Then the replay official told the officials that the ball was clearly short, and that’s why the umpire ended up moving the ball. And obviously, with it being short on a fourth down with the new rule this year, a failed fourth-down attempt is a booth review. But since we had already assisted, we knew it was short, that’s why we didn’t stop further to review it again.”

Dramatic in the moment, but ultimately the right call. Chalk one up for the good guys with this one.

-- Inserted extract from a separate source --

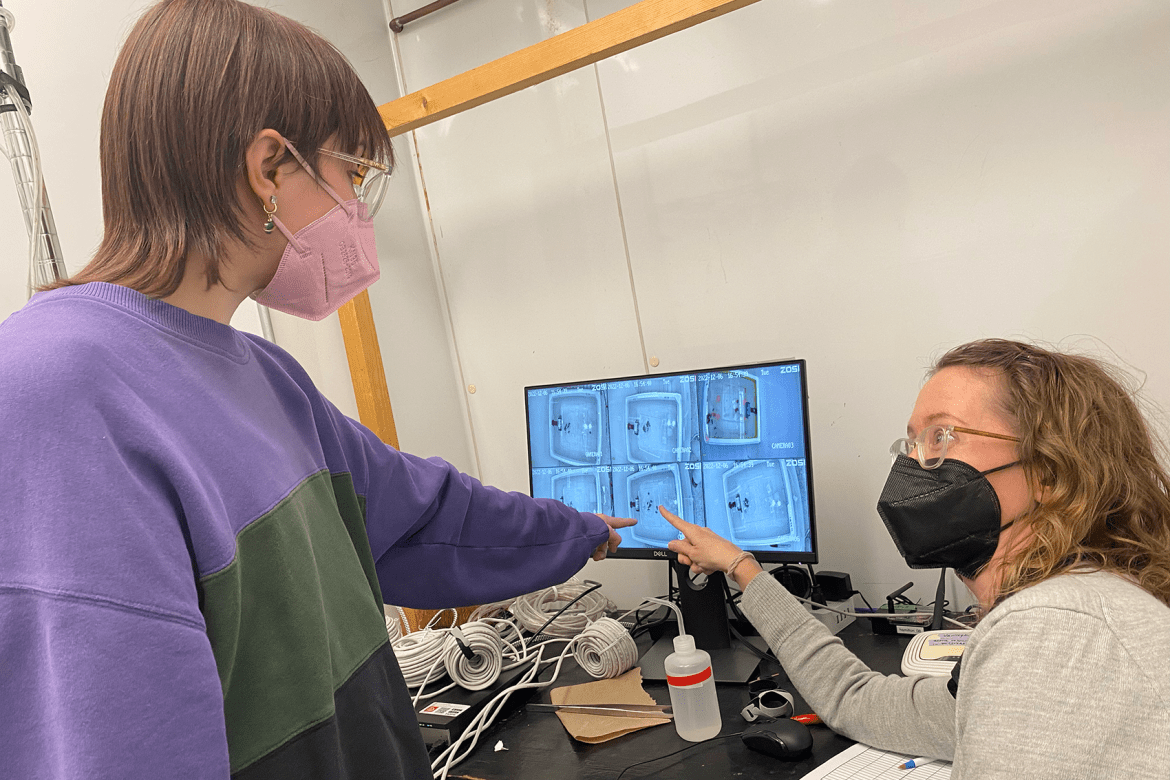 Jenny VanWyk works with a student on her research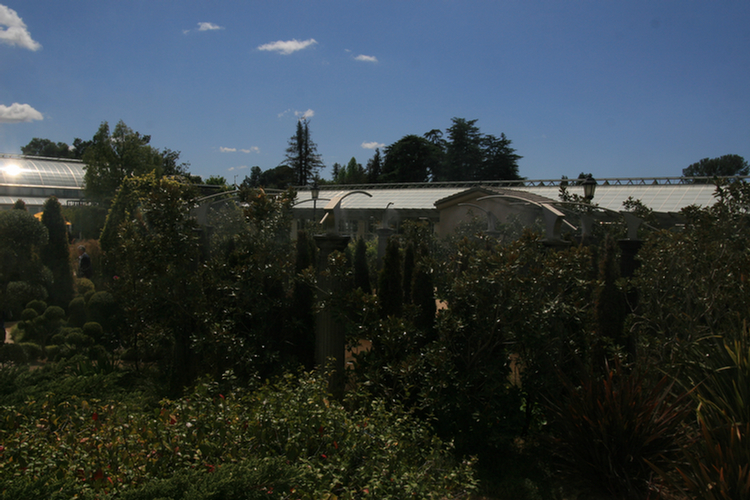 The Conservatory and Kids Garden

New England Patriots’ Pass Interference

Last Sunday, Miami Dolphins fans were upset about the officiating in the Miami and Philadelphia game, where the Eagles didn’t have a penalty thrown on them all game. Dolphins head coach Mike McDaniel commented on the situation in one of the most Mike McDaniel ways possible, with a quotable, self-teaching moment.

“I never attach any emotion to it because it already happened,” McDaniel replied. “Like, ‘Hey man, our bad,’ or, ‘Yeah, we were right.’ Like, OK. You’re just trying to be as well-versed as possible in the rules of engagement, and I have a hard time even factoring officiating into any sort of emotion that I have because you control what you can control.

“So I might as well get mad at thunder.”

This week, the Dolphins themselves may have benefited from a questionable pass interference call in the end zone.

Admittedly, there was some contact between New England Patriots defensive back J.C. Jackson and Dolphins’ receiver Tyreek Hill, but was it really enough to warrant an important, early-game pass interference penalty?

Questionable Roughing the Passer and Offsides in Pittsburgh

The Jacksonville Jaguars benefited from several penalties throughout their 20-10 road victory over the Pittsburgh Steelers. The officiating was so questionable that Steelers’ receiver Diontae Johnson spoke about how bad the referees were to the media, a big no-no if you want to avoid hearing from Roger Goodell and paying a league-mandated fine.

One call in particular that drew the ire of Pittsburgh coaches and fans alike was the roughing-the-passer call, where the Steelers’ defender took Trevor Lawrence down with a perfect form tackle.

The referees also called a penalty on the Steelers for lining up offsides where, in fact, it was the Jacksonville Jaguars lined up offsides. Johnson wasn’t the only player calling out the referee’s performance. Pittsburgh kicker Chris Boswell took to social media with photographic evidence showing the Jaguars were offsides.

Former vice president of officiating of the NFL and current rules analyst at FOX Sports Mike Pereira clarified that the officials botched the offsides penalty, saying, “In Pittsburgh, offside on the offensive guard? Officials are told to call that if a lineman has his head in the neutral zone on the short yardage push plays, not on field goal attempts”.

Head coach Mike Tomlin did not go as far as Johnson in his criticism of the penalty. However, during his postgame press conference, he did share his surprise.

“I didn’t get a lot of dialogue,” Tomlin said when asked whether there was an explanation given from the officials. “I hadn’t seen that called in 17 years of standing on the sidelines. Offsides, lined up offsides on a guard, on a field goal protection — it didn’t matter what they said. I’ve never seen that.”